Direct Sales and MLM

An economist’s assessment of Noland and the criteria used to assess a pyramid scheme, by Jovanovic and Bozzone

By
Kevin Thompson

This is an excellent article prepared by Branko Jovanovic and Lia Bozzone, two economists at The Brattle Group. I’m sharing it in full, with permission.

————–

While the direct selling world was awaiting U.S. District Judge Barbara Lynn’s decision in Federal Trade Commission v. Neora LLC, in which the FTC alleged that Neora operated an illegal pyramid scheme, FTC v. Noland case largely flew under the radar. After all, the egregiousness of the defendants’ conduct made the finding that Mr. Noland’s company, Success by Health (SBH), was a pyramid scheme a foregone conclusion. However, Judge Dominic W. Lanza’s May 11, 2023, decision provides invaluable information regarding the aspects of SBH’s business model and policies and procedures that lead the Court to determine that SBH was running a pyramid scheme.[1]

In determining whether SBH ran a pyramid scheme, Judge Lanza’s analysis focused on the two prongs of the Koscot test[2], which characterize a pyramid scheme as a program in which participants pay money to a company for the rights to 1) sell a product, and 2) receive—in return for recruiting other participants into the program—rewards unrelated to sale of the product to ultimate users.

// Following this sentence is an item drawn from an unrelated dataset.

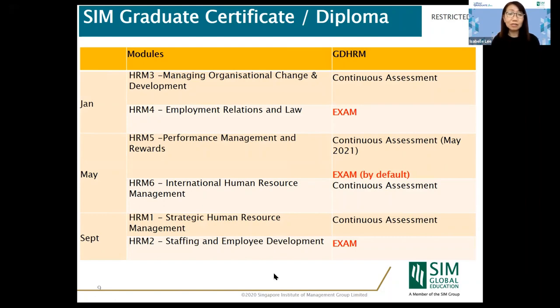We have six modules to complete for this graduate diploma over 12 months across three trimesters. In January, we cover Managing Organizational Change and Development, as well as Employment Relations and Law. One module is typically 100% continuous assessment while the other is an exam module, though in 2020 we converted the exam module to continuous assessment as well, with permission from our academic board. We will likely return to the standard pairing as we return to normalcy.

Here we assess the court’s decision from an expert economist’s perspective and propose various business modifications direct sellers should consider to avoid becoming the FTC’s next target. Our colleagues at Winston and Strawn LLP have assessed Noland from a legal perspective and provided additional advice on steps your company can take now to reduce exposure to pyramid scheme and false claims allegations.

When assessing whether the first prong of the Koscot test was satisfied,[3] the Court determined that “[t]here is no genuine dispute of material fact regarding the satisfaction of prong one of the Koscot test with respect to SBH.”[4] More specifically, there is no “dispute that consumers were required to pay an annual fee of $49 to be SBH Affiliates” and that, “by paying this fee, Affiliates gained the right to sell SBH products on their [replicated SBH] webpage.”[5]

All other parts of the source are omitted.